• TO DO
Below are records; reproduce exactly the lines from the one that has "Pawfly 6 Pack" through the one that has "Black Punk Lace", ends included, and nothing more.

====== GIVEN DATA

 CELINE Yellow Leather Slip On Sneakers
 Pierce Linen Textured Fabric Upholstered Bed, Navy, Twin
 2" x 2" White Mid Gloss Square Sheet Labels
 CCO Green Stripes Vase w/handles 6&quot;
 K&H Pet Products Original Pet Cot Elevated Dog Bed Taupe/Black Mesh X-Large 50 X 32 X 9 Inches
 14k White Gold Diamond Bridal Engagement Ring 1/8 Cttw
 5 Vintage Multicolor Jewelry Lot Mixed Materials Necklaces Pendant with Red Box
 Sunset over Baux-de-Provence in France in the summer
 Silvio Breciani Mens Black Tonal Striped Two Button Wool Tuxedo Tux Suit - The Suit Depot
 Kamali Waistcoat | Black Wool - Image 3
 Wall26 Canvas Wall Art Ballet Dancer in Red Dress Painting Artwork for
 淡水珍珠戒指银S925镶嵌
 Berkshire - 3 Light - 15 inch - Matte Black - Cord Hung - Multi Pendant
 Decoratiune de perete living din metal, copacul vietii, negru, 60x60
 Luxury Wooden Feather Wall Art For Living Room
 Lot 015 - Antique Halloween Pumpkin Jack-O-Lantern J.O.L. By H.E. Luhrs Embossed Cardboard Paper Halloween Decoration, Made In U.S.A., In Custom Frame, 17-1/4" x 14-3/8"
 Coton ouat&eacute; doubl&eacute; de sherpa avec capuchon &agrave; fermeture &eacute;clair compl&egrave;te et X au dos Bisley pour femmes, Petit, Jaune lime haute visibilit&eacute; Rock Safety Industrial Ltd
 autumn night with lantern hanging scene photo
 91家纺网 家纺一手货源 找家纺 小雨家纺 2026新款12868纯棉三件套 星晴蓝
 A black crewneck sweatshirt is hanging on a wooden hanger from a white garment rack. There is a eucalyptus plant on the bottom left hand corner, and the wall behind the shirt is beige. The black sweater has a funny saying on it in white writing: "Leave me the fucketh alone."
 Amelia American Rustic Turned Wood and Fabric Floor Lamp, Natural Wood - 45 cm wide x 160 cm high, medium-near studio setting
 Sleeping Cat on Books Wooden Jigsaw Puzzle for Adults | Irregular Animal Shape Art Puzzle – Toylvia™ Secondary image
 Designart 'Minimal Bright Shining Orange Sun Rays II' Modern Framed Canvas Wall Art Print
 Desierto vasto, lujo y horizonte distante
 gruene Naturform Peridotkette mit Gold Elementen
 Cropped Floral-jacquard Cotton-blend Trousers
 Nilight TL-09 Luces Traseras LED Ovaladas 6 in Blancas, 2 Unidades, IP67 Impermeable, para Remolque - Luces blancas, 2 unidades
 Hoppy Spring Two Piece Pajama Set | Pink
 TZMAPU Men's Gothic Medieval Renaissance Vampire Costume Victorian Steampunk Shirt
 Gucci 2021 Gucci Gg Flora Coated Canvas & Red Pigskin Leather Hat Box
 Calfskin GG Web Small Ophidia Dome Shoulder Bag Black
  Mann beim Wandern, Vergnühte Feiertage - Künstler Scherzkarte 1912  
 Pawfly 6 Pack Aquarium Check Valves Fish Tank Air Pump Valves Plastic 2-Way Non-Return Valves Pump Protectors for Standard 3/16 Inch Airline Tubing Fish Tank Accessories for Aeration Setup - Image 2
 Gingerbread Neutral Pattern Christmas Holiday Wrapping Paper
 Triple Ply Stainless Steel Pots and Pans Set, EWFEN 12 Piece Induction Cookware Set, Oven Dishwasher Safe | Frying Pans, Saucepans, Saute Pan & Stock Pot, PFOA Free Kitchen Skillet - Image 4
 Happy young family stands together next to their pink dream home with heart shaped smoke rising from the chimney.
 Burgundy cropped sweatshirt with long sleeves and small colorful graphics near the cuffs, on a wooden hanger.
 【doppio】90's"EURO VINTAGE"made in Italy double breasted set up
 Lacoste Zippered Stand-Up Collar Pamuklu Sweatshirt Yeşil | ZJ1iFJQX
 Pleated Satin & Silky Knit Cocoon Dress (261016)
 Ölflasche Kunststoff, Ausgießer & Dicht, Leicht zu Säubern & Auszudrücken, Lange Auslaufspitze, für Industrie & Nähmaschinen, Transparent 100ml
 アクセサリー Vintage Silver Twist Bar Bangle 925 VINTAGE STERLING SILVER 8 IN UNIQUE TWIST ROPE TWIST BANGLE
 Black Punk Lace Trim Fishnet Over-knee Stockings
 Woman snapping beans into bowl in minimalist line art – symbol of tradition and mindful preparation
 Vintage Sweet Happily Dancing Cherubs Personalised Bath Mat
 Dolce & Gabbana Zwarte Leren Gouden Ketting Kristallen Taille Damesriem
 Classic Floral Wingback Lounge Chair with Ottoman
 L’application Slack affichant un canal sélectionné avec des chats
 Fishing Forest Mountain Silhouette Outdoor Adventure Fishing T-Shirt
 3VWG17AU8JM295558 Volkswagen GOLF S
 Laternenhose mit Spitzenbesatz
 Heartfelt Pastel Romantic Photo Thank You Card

============

• REPLY TO THE TASK
 Pawfly 6 Pack Aquarium Check Valves Fish Tank Air Pump Valves Plastic 2-Way Non-Return Valves Pump Protectors for Standard 3/16 Inch Airline Tubing Fish Tank Accessories for Aeration Setup - Image 2
 Gingerbread Neutral Pattern Christmas Holiday Wrapping Paper
 Triple Ply Stainless Steel Pots and Pans Set, EWFEN 12 Piece Induction Cookware Set, Oven Dishwasher Safe | Frying Pans, Saucepans, Saute Pan & Stock Pot, PFOA Free Kitchen Skillet - Image 4
 Happy young family stands together next to their pink dream home with heart shaped smoke rising from the chimney.
 Burgundy cropped sweatshirt with long sleeves and small colorful graphics near the cuffs, on a wooden hanger.
 【doppio】90's"EURO VINTAGE"made in Italy double breasted set up
 Lacoste Zippered Stand-Up Collar Pamuklu Sweatshirt Yeşil | ZJ1iFJQX
 Pleated Satin & Silky Knit Cocoon Dress (261016)
 Ölflasche Kunststoff, Ausgießer & Dicht, Leicht zu Säubern & Auszudrücken, Lange Auslaufspitze, für Industrie & Nähmaschinen, Transparent 100ml
 アクセサリー Vintage Silver Twist Bar Bangle 925 VINTAGE STERLING SILVER 8 IN UNIQUE TWIST ROPE TWIST BANGLE
 Black Punk Lace Trim Fishnet Over-knee Stockings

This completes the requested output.